---
name: pre-analysis-plan
description: Use BEFORE running a confirmatory analysis, an experiment readout, an A/B test, a policy evaluation, or any study whose credibility depends on not having fished for the result — especially causal/econometric work. Locks the hypotheses, estimand, primary specification, sample and exclusions, and the robustness suite while the outcomes are still unseen, so the analysis is confirmatory rather than a specification search. Use whenever the user says "evaluate whether X worked", "test this hypothesis", "did the experiment move the metric", "register this analysis", or is about to estimate an effect they have a stake in — and use it to clearly separate pre-registered confirmatory claims from exploratory findings.
---

# Pre-Analysis Plan

## Overview

If you can run a hundred reasonable specifications and report the one you like, you haven't measured an effect — you've measured your own preferences with extra steps. A pre-analysis plan (PAP) is the commitment that stops this: you write down what you will do, and what would count as the answer, *before the outcomes are visible*.

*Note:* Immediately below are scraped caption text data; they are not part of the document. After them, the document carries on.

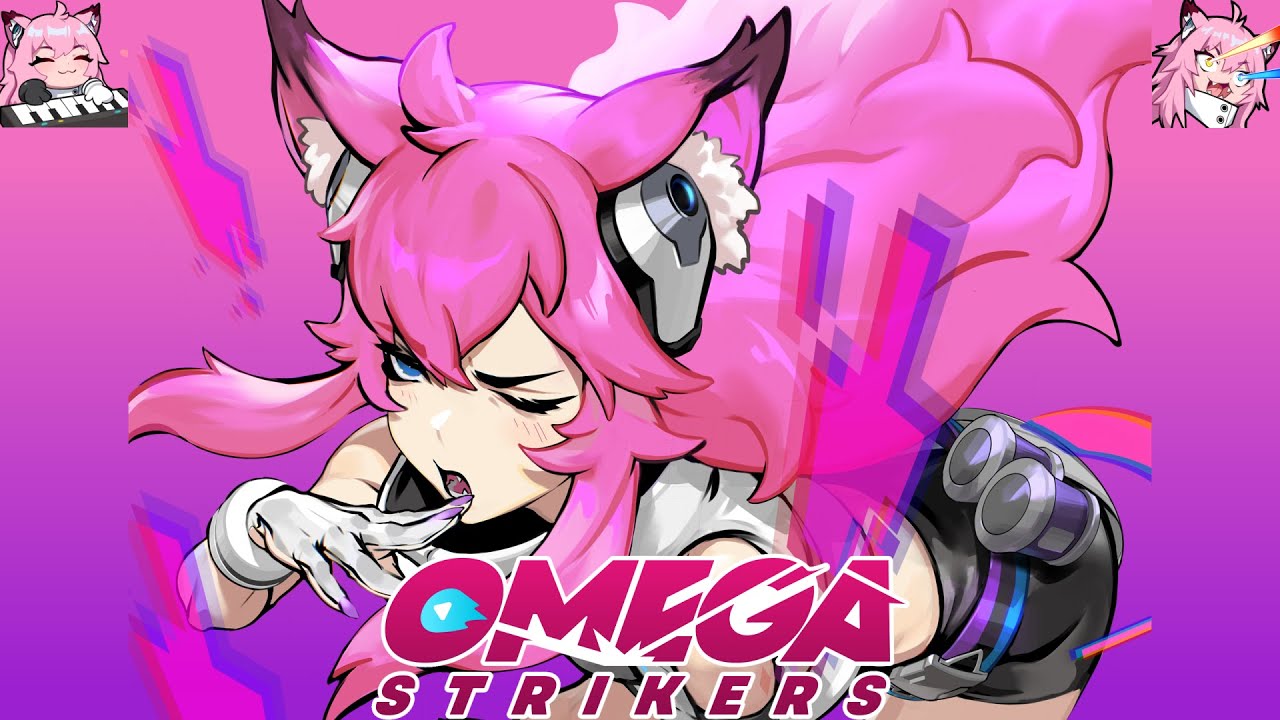 Omega Strikers - The Girl Who Glitched (Ai.Mi's Theme) (15 Minute Extended Version)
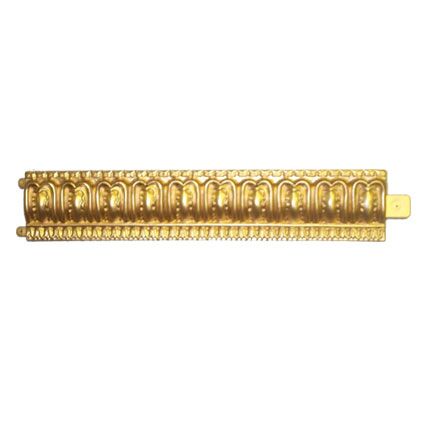 Small Gold Plastic Decoration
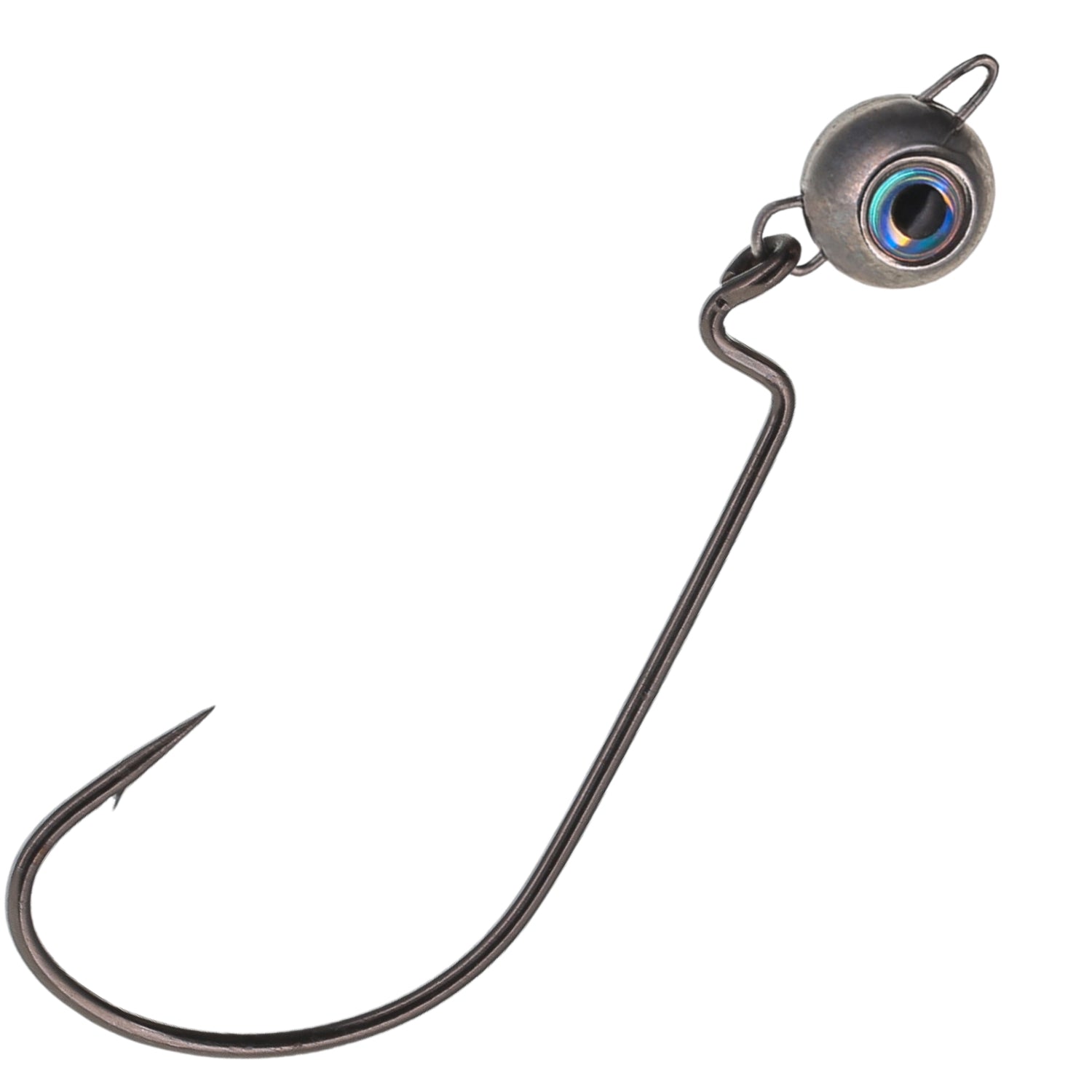 Reaction Tackle Tungsten Free Swing Jig Head - 5 - Pack - New - Get Tight Gear
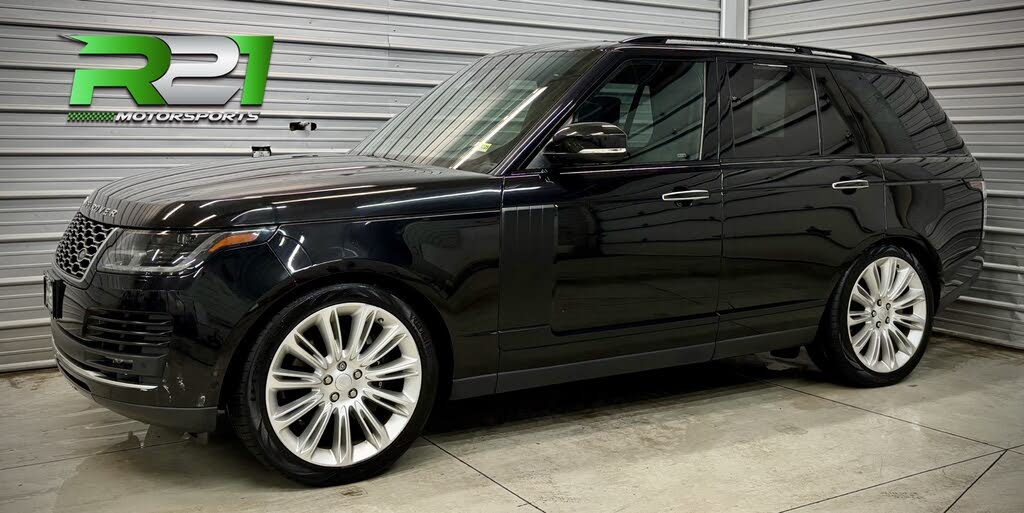 2018 Land Rover Range Rover V8 Autobiography 4WD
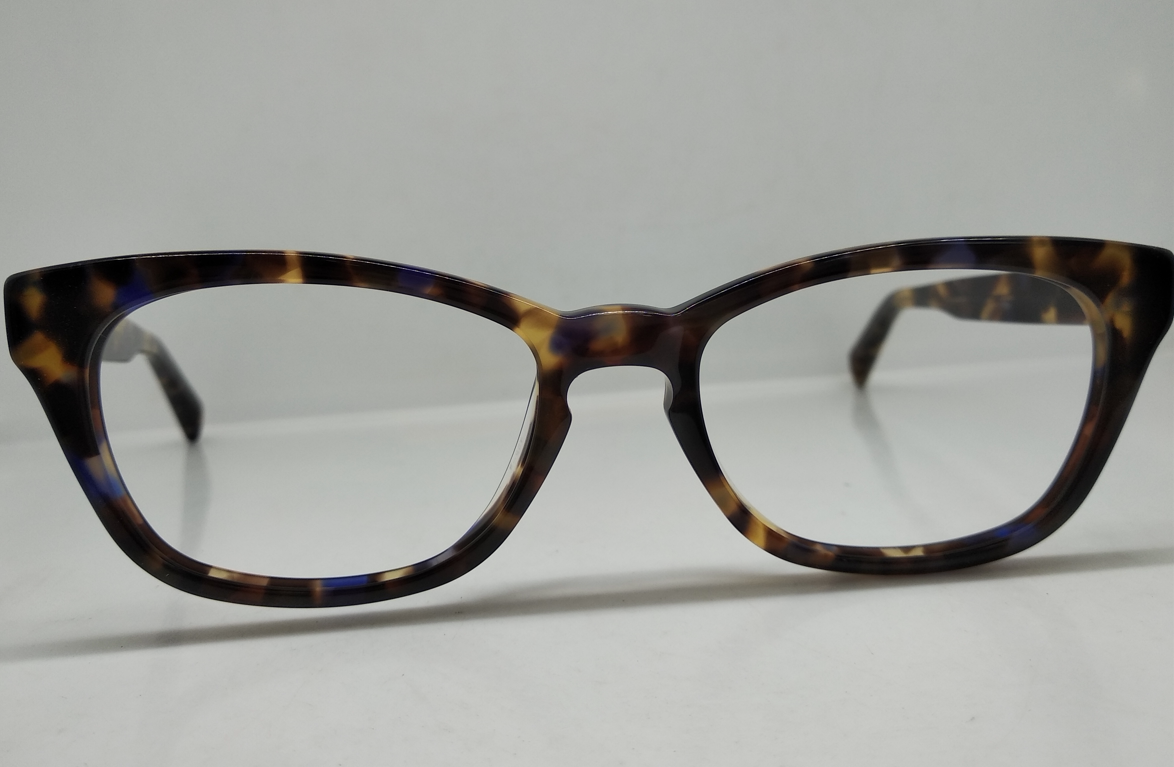 warby parker  玳瑁色手工板材眼镜架复古男女通用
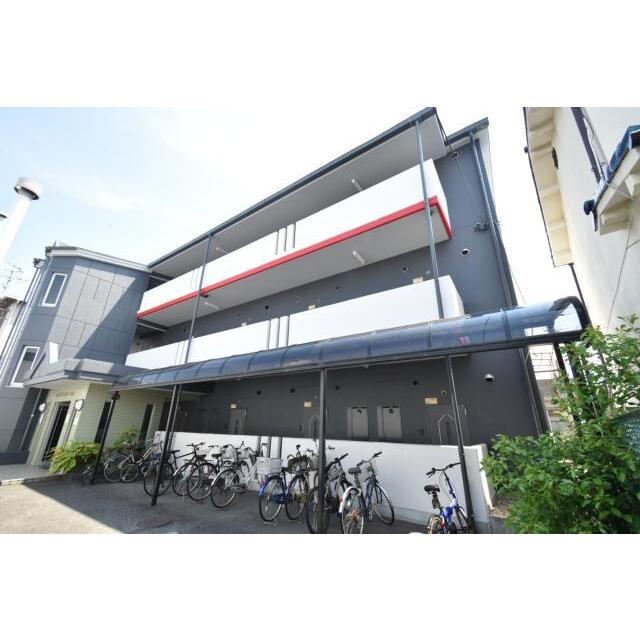 津久野駅より徒歩9分 築32年8ヶ月 3階建の賃貸物件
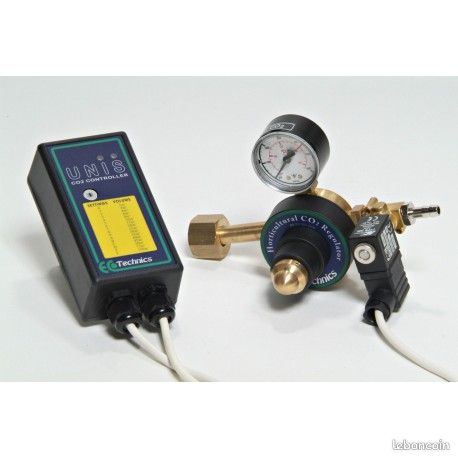 Controleur de CO2 UNIS ECOTECHNICS pour fabrication bière (image 1)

This is the analytics counterpart of writing a spec before code. The discipline is the same — decide the contract first — but the stakes are higher, because in analysis the temptation to retrofit the plan to the result is enormous and almost invisible after the fact.

**Core principle:** A specification chosen after seeing the outcome is not evidence. Decide the analysis while you are still ignorant of how it will turn out.

## When you actually need this

Not every exploration needs a PAP — forcing one onto genuine EDA is theater (see `question-framing` and the exploration regime in `data-contracts`). A PAP earns its weight when:

- The result will be used to **make or defend a decision** (ship the feature, keep the policy, publish the finding).
- You or the requester **have a stake** in the result coming out a particular way.
- The analysis is **causal** — identification claims are exactly where specification search does the most damage.
- The work will be **scrutinized** — a referee, a regulator, a skeptical exec, a replication.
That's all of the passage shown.